Verify that the case of Statement 3 of the Ratio test really is inconclusive by testing both the \(p\)-series \(\sum 1/k^2\) and the harmonic series \(\sum 1/k\text{.}\) You should find that the terms of both series satisfy \(\seq{a_{n + 1} / a_n} \to 1\text{,}\) but one series converges and one diverges.

Section 25.5 Absolute convergence

So far in this chapter, the convergence tests have all been for infinite series with positive or non-negative terms. If \(\nseq{a}\) is a sequence with all non-positive terms, then it should be clear the the convergence of \(\sum a_k\) is equivalent to the convergence of \(\sum \abs{a_k}\text{.}\) But what if \(\nseq{a}\) has some positive and some negative terms? Can the convergence/divergence of \(\sum \abs{a_k}\) tell us anything about \(\sum a_k\) in that case?
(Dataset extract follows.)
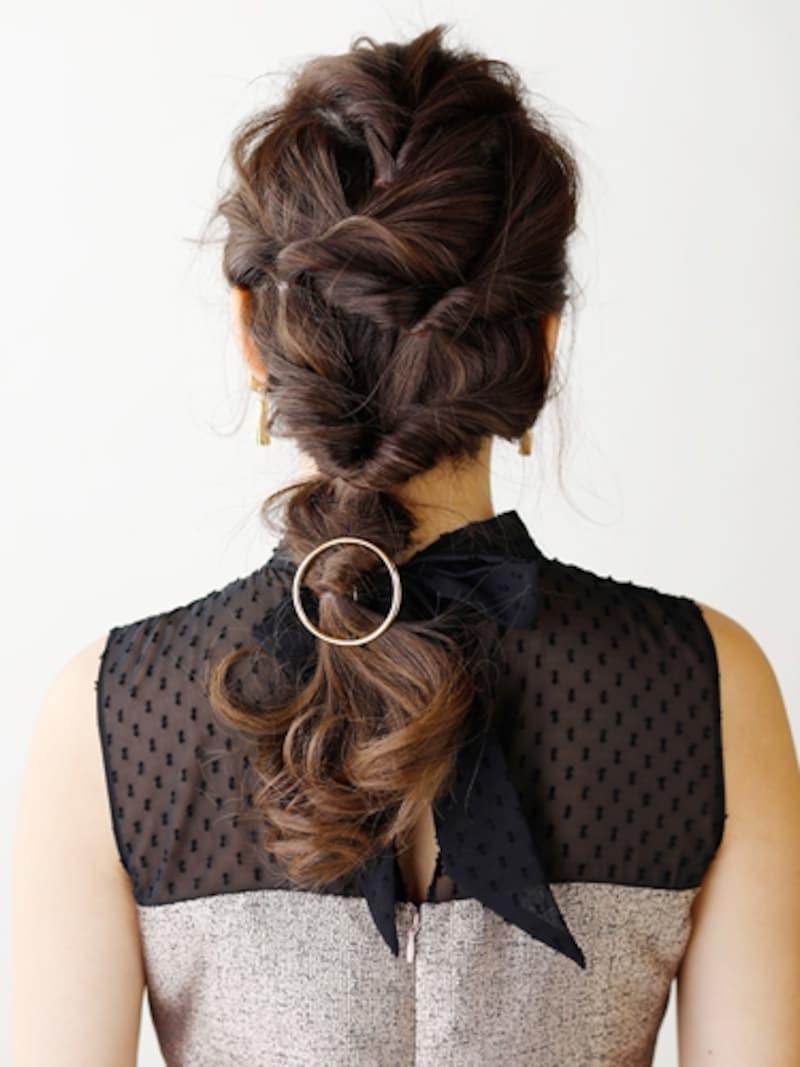 くるりんぱで洗練ヘアアレンジ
Subsection 25.5.1 Absolute versus conditional convergence

The answer to the question above is “yes.”

Fact 25.5.1. Absolute convergence.

If \(\sum \abs{a_k}\) converges, then so does \(\sum a_k\text{.}\)

Justification.

The argument is effectively the same as for Fact 24.3.6, just with sums and terms instead of integrals and function values. Assume \(\sum \abs{a_k}\) converges. Then from Pattern 25.2.4, so do both of

\begin{align*} \amp \sum 2 \abs{a_k} \text{,} \amp \amp \sum \bbrac{-\abs{a_k}} \text{.} \end{align*}

For all \(n\) we have

\begin{gather*} \phantom{\implies} \quad -\abs{a_n} \le a_n \le \abs{a_n} \quad \phantom{\implies} \\ \implies \quad 0 \le a_n + \abs{a_n} \le 2 \abs{a_n} \text{.} \quad \phantom{\implies} \end{gather*}

So by comparison, \(\sum \bbrac{a_k + \abs{a_k}}\) must converge. But then adding this convergent series to another will yield a convergent series (Pattern 25.2.4), so

\begin{equation*} \sum \Bbrac{a_k + \abs{a_k} + \bbrac{-\abs{a_k}}} = \sum a_k \end{equation*}

converges.

Definition 25.5.2. Absolute and conditional convergence.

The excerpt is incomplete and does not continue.